最初は断っていた様なのですが、寵愛していた皇女がその侯爵家の次男が好きだったことが判明したので、借金をチャラにする代わりに次男を後継者とし皇女を嫁がせることにしたのです。侯爵は皇女が嫁ぐ家として位が低い。皇女が降嫁する祝いに公爵位を授けると仰ったのです」
(ちなみに現在では皇族が私欲で勝手に後継者をかえることは違法になっています)
だが問題が生じた。次男は第2夫人の子で庶子であり、半分は平民の血が混ざっていたからだ。
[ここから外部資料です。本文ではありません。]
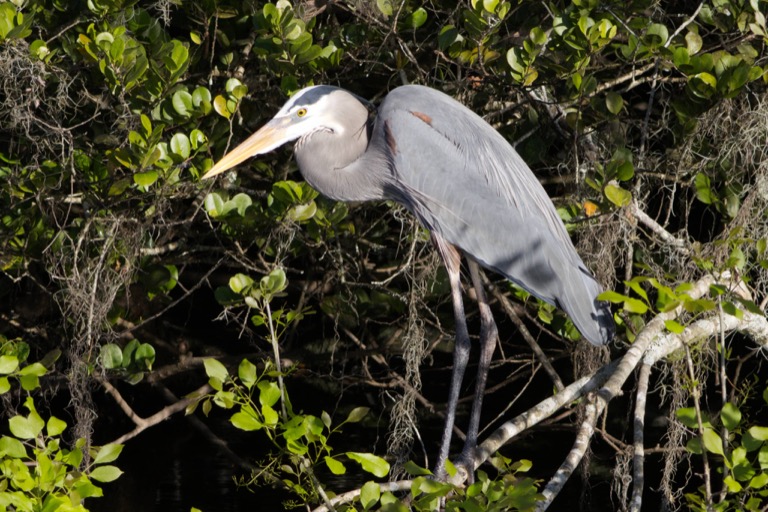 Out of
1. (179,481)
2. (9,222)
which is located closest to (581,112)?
(9,222)

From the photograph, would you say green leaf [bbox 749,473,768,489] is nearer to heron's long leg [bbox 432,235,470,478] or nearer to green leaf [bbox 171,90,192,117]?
heron's long leg [bbox 432,235,470,478]

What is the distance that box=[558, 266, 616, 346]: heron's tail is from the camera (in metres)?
3.43

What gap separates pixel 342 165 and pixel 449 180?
0.40m

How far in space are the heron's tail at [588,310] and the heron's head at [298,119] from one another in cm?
104

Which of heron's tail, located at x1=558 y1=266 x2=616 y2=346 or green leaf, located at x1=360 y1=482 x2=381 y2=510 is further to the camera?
heron's tail, located at x1=558 y1=266 x2=616 y2=346

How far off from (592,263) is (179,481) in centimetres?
298

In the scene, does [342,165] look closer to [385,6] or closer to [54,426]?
[385,6]

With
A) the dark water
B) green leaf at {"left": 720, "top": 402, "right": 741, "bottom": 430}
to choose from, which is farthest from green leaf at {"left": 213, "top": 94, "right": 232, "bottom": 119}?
the dark water

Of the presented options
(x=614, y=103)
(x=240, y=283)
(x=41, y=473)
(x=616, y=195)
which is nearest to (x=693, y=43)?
(x=614, y=103)

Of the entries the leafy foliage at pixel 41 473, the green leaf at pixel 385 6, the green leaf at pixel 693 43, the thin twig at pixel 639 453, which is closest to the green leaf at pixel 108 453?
the leafy foliage at pixel 41 473

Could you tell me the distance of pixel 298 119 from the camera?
363 centimetres

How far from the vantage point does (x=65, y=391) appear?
6.18m

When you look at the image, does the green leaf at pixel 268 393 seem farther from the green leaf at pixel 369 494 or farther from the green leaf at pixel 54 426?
the green leaf at pixel 54 426

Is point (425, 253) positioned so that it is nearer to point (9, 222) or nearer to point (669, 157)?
point (669, 157) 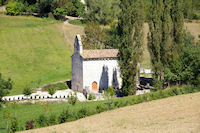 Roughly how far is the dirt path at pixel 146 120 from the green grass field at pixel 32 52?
21.5 metres

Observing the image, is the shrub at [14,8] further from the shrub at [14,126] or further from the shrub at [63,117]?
the shrub at [14,126]

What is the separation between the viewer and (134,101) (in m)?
34.9

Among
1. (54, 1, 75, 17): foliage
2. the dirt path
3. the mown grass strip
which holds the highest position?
(54, 1, 75, 17): foliage

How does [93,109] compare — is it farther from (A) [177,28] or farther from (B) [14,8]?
(B) [14,8]

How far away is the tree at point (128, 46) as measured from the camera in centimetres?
4184

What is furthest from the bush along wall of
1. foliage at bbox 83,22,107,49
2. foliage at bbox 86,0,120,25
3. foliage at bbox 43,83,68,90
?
foliage at bbox 86,0,120,25

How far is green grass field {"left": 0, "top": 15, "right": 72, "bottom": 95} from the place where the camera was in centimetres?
5644

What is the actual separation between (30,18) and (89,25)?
91.3ft

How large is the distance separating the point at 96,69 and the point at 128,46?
696 centimetres

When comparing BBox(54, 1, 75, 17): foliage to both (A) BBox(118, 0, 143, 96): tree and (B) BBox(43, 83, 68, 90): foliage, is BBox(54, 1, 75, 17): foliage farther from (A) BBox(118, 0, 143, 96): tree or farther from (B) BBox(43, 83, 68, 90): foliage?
(A) BBox(118, 0, 143, 96): tree

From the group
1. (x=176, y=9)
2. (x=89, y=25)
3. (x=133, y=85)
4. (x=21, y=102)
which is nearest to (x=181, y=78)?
(x=133, y=85)

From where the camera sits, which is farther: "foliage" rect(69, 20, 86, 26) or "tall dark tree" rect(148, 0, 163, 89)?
"foliage" rect(69, 20, 86, 26)

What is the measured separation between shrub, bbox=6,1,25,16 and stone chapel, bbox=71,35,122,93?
4845 cm

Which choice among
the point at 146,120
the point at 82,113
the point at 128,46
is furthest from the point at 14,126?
the point at 128,46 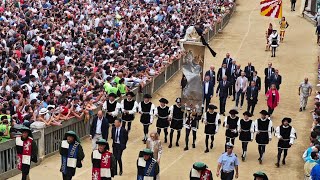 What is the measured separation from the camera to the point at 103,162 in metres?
15.6

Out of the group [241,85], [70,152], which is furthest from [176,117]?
[70,152]

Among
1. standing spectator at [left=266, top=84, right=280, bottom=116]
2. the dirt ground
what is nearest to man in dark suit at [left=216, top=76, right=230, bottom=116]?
the dirt ground

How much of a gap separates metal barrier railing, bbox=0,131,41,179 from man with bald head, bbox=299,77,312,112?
12.2 metres

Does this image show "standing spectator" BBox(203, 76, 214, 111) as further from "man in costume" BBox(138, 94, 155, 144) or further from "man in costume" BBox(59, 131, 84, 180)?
"man in costume" BBox(59, 131, 84, 180)

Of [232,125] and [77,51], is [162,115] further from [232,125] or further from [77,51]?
[77,51]

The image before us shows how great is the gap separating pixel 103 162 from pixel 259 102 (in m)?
13.7

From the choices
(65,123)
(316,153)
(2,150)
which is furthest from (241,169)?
(2,150)

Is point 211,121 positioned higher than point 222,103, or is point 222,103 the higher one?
point 211,121

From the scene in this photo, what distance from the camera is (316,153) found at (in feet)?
55.3

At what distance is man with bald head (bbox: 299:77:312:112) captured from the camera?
26380mm

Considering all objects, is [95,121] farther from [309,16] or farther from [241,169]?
[309,16]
侯爵は悩んだそうだが、この家が取り潰しになるよりマシで、何なら爵位が上がるという事で長男(嫡男)を後継者から外すことにした。
次男は母親似で見目だけは良かったが、女癖も悪く頭も良くなかった。長男の方はしっかりと勉強をしていたが、次男は女遊びばかりで勉強をしてこなかった。
このことで愛想を尽かした第1夫人が、長男を連れて家を出た。皇女と結婚した時の結納金の一部を慰謝料として、第1夫人と長男に渡した。言わば絶縁金だ。同じ家に居るのが気まずかったのかもしれない。
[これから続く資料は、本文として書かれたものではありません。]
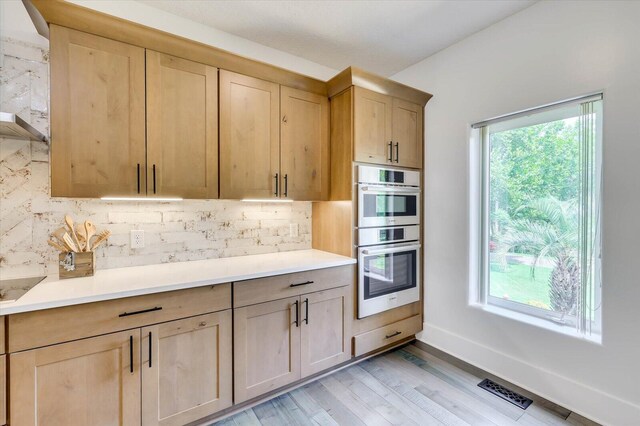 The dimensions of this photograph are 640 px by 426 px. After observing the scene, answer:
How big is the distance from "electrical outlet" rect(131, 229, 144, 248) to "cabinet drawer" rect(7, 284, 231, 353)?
0.62m

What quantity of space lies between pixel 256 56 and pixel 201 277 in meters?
1.94

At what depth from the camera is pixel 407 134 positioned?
2699 millimetres

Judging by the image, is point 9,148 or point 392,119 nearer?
point 9,148

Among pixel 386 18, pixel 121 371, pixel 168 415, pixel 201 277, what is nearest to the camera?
pixel 121 371

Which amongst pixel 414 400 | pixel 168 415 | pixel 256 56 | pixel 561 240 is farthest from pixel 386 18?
pixel 168 415

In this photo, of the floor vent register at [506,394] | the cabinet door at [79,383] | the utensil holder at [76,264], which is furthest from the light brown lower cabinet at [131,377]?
the floor vent register at [506,394]

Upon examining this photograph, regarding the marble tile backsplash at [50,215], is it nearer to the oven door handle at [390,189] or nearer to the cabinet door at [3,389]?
the cabinet door at [3,389]

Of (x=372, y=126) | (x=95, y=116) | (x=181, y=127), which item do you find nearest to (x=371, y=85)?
(x=372, y=126)

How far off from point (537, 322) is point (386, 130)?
6.09 feet

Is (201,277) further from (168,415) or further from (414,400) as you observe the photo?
(414,400)

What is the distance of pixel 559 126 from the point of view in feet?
6.71

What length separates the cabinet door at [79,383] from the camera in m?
1.32

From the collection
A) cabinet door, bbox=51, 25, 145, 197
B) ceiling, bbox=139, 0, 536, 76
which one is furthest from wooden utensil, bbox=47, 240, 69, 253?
ceiling, bbox=139, 0, 536, 76

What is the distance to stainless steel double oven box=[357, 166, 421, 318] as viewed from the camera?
240 cm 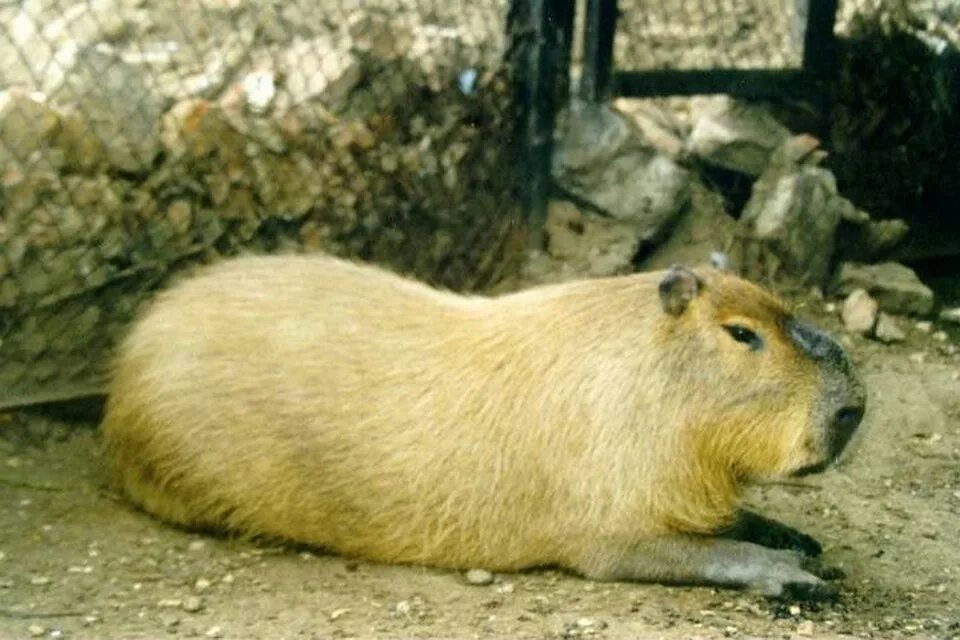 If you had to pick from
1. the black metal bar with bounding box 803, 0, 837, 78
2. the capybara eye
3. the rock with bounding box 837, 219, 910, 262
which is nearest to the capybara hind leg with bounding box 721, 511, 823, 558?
the capybara eye

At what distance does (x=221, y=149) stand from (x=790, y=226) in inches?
91.8

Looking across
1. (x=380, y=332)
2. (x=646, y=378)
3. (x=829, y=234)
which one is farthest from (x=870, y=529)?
(x=829, y=234)

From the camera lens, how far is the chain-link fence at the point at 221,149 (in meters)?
4.56

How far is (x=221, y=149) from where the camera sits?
4.84m

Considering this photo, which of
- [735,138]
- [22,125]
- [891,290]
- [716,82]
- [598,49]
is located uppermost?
[598,49]

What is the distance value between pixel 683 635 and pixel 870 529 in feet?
3.79

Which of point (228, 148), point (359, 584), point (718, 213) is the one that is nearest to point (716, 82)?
point (718, 213)

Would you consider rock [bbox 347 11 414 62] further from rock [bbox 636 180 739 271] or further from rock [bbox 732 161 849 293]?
rock [bbox 732 161 849 293]

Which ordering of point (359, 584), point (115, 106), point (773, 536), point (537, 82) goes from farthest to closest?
point (537, 82)
point (115, 106)
point (773, 536)
point (359, 584)

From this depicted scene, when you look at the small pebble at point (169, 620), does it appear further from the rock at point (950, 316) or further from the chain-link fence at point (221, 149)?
the rock at point (950, 316)

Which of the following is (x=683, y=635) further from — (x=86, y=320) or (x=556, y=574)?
(x=86, y=320)

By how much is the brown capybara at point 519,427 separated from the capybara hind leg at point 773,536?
0.20 meters

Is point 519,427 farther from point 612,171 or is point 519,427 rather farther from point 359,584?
point 612,171

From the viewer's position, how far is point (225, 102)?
4.88 meters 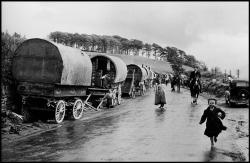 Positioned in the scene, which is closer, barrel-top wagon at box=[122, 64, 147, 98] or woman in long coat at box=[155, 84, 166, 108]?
woman in long coat at box=[155, 84, 166, 108]

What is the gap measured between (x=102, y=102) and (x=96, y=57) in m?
3.63

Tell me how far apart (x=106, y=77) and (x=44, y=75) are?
8.46m

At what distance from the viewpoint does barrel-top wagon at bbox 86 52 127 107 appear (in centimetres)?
2239

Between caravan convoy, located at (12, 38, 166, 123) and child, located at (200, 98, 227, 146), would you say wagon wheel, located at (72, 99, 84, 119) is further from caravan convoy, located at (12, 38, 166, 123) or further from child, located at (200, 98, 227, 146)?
child, located at (200, 98, 227, 146)

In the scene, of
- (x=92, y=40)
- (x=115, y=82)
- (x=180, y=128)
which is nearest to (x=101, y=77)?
(x=115, y=82)

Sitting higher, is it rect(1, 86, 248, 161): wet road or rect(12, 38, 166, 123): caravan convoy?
rect(12, 38, 166, 123): caravan convoy

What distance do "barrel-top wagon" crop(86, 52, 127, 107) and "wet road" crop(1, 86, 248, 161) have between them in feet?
23.3

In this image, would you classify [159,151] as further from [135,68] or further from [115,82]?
[135,68]

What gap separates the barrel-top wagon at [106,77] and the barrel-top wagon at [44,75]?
250 inches

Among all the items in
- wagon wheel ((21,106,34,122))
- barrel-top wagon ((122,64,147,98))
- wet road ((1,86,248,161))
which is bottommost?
wet road ((1,86,248,161))

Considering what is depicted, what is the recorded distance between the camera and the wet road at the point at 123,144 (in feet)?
29.0

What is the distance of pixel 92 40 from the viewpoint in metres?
150

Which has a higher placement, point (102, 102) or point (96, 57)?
point (96, 57)

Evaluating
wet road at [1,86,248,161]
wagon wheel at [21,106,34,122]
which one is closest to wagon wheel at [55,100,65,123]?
wet road at [1,86,248,161]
次男と皇女が結婚し、次男が後継者になって少しした頃、子どもを抱えた女が家に来て次男の子どもだと訴えてきた。調べると次男が過去にその女の人と関係を持っていたことが分かった。他にも愛人や一夜限りの相手や今現在も続いている女もいた。皇女が次男に問い詰めると、
「結婚前は仕方ないだろう。結婚前の子どもぐらい心優しいお前なら許してくれるだろう」
それからも次男の子だと言う女が現れても、皇女は静かに受け入れ続けた。それでも皇女との間に子どもが出来ることはなかった。
結婚して5年が過ぎたある日、妊娠中や生まれたばかりであろう子や、どう考えても結婚後に出来た子どもを連れた女が次男の子だと言ってきた。
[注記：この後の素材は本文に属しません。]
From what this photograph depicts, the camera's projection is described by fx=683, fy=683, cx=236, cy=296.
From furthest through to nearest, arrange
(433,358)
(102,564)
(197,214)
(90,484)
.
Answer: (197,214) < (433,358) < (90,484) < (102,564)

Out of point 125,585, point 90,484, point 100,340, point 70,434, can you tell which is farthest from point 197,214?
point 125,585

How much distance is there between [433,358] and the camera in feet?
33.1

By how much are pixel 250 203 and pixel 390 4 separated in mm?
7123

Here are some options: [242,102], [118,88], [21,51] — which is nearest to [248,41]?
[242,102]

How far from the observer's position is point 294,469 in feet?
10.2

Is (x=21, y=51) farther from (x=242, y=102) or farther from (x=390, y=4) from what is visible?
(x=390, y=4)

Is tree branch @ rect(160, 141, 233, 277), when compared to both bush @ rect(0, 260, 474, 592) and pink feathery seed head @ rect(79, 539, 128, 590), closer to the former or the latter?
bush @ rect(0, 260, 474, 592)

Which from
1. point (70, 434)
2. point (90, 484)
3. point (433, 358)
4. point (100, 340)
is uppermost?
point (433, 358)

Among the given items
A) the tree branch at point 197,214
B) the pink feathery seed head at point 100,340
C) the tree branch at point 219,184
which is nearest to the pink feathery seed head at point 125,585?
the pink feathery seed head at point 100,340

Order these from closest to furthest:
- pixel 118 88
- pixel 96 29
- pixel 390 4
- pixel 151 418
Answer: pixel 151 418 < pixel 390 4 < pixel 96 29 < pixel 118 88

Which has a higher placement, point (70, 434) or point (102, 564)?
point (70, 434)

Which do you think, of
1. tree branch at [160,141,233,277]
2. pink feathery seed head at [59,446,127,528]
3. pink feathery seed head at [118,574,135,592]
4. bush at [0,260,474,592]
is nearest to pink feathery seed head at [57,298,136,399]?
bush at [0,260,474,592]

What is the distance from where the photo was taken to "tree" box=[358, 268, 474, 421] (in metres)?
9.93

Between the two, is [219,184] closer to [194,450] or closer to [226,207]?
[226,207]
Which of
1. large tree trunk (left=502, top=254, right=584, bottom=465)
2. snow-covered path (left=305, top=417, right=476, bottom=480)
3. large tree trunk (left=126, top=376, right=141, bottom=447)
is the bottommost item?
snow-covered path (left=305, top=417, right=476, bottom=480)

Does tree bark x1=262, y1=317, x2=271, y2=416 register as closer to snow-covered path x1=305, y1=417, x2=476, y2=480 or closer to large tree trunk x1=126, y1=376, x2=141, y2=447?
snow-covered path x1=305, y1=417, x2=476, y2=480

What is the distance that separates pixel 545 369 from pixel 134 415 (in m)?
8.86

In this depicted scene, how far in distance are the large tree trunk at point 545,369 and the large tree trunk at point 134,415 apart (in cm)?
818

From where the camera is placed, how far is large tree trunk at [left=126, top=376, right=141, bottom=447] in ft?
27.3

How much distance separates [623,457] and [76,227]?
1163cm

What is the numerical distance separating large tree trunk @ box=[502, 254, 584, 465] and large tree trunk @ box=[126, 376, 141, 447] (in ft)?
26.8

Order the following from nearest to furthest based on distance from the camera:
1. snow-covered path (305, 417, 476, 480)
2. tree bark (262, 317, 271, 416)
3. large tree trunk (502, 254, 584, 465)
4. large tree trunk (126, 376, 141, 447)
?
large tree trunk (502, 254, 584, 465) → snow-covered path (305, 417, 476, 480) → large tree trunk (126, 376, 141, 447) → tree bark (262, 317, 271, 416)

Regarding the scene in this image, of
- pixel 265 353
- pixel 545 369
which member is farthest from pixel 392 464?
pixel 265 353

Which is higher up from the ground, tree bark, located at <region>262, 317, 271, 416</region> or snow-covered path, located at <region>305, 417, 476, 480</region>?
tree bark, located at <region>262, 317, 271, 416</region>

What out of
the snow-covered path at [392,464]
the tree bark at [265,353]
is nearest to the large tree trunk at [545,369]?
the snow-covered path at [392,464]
皇女は結婚前に出来た子ならと仕方ないと許していたが、結婚後に関係を持ち生まれて来た子を、皇女は到底許すことが出来なかった。
皇女は次男に問い詰めた。
「あなたどういうことですか?!私は結婚前に出来た子なら致し方ないと認めていました。なのにこの仕打ちは何ですか?!」
「浮気は男の甲斐性だろ。俺はお前みたいな醜女となんか結婚なんてしたくなかったんだよ。結婚してやったんだそれぐらい我慢しろよ」
「その口の聞き方は何ですか?!私は皇女なのですよ!私が貴方を公爵にしてあげたのですよ!」
「元皇女様だろ?降家したからお前はもうこの家の人間だ!お前が大層な身分をお持ちだから、俺は他に嫁を娶れねぇんだよ。お前みたいな石女と結婚してやったんだ。感謝しろよ!」
次第に言い争いが絶えなくなった。
それでも次男の子だという女は途切れることはなかった。しまいには堂々と家に女を呼び、皇女の居場所は追いやられて行った。
次男の代わりに仕事をし、それなのに妾達から虐められる。とうとう我慢出来なくなった皇女は実家である皇家に帰り、父である皇帝を頼った。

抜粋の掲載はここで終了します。